#### Data to process ####

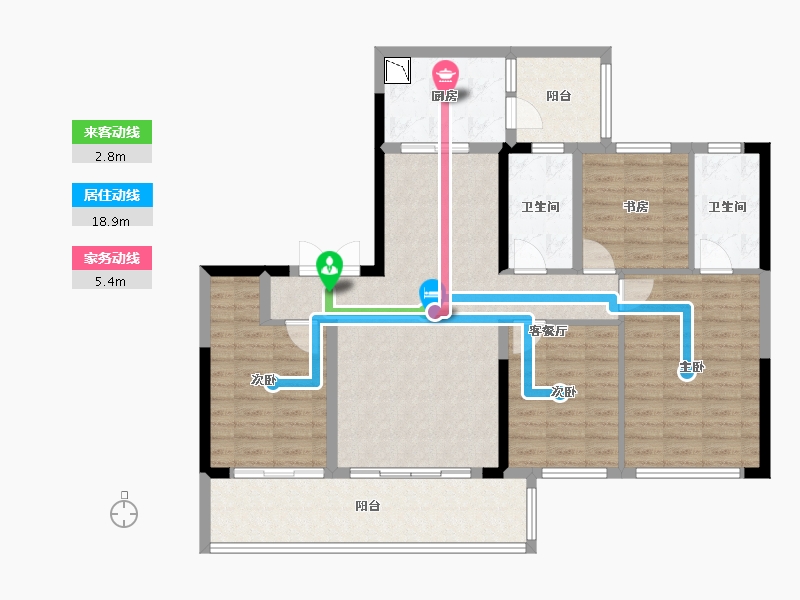 四川省-成都市-滨江领樾-110.26-户型库-动静线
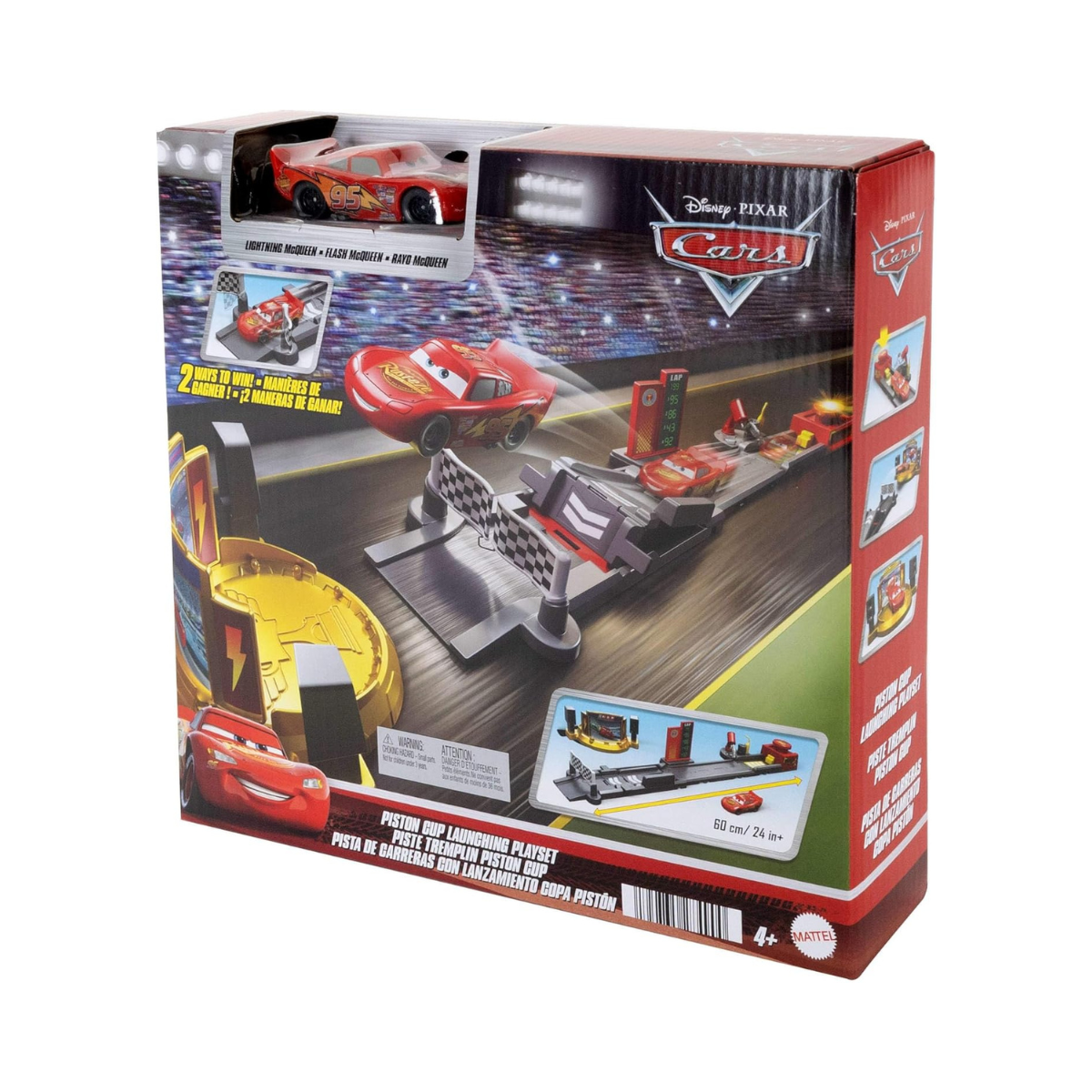 Mattel Disney Pixar Cars Piston Cup Jump & Stunt Runway Playset with Lightning McQueen, 2 Ways to Play, Ages 4+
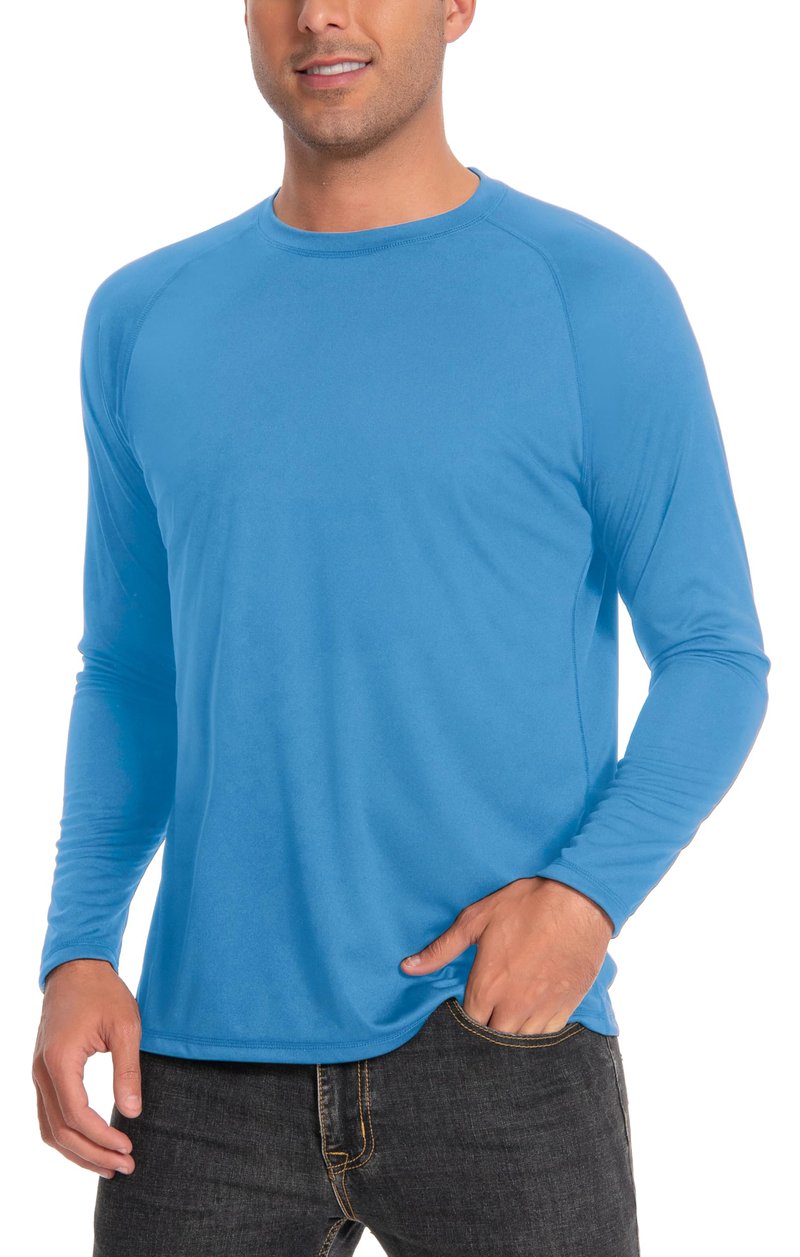 Runceptual Men's Sun Protection Shirts UPF 50+ UV Long Sleeve Rash Guard Shirts Lightweight Quick Dry for Fishing Swimming Running Hiking Powder Blue L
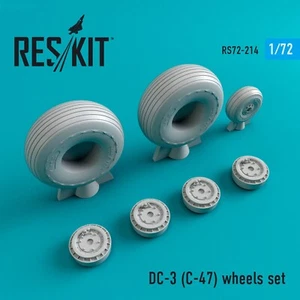 DC-3 (C-47) Set aggiornamento ruote in resina per Aviation ResKit RS72-0214 kit scala 1:72 - Foto 1 di 24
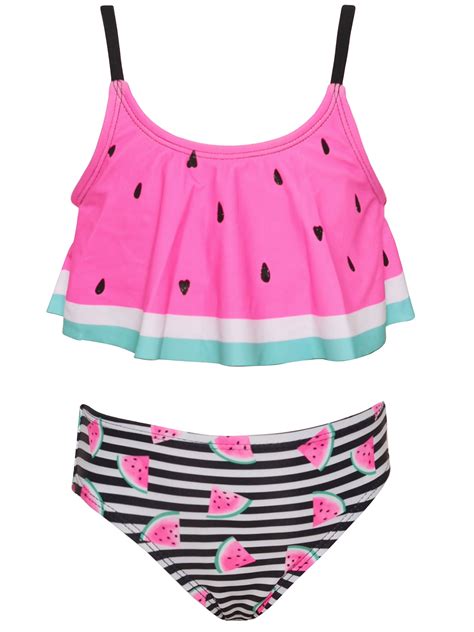 Little Girls Black Watermelon Stripe 2pc Ruffle Swimsuit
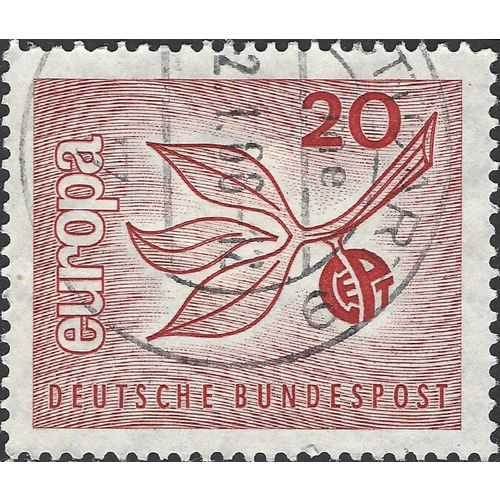 GERMANY, Europa CEPT, leaf, red 1965, 20pf, #5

####

Directions for this task —
Your answer must be an exact copy of the lines from the start of the entries through the line with "DC-3 (C-47) Set", with no pictures.

Reply —
 四川省-成都市-滨江领樾-110.26-户型库-动静线
 Mattel Disney Pixar Cars Piston Cup Jump & Stunt Runway Playset with Lightning McQueen, 2 Ways to Play, Ages 4+
 Runceptual Men's Sun Protection Shirts UPF 50+ UV Long Sleeve Rash Guard Shirts Lightweight Quick Dry for Fishing Swimming Running Hiking Powder Blue L
 DC-3 (C-47) Set aggiornamento ruote in resina per Aviation ResKit RS72-0214 kit scala 1:72 - Foto 1 di 24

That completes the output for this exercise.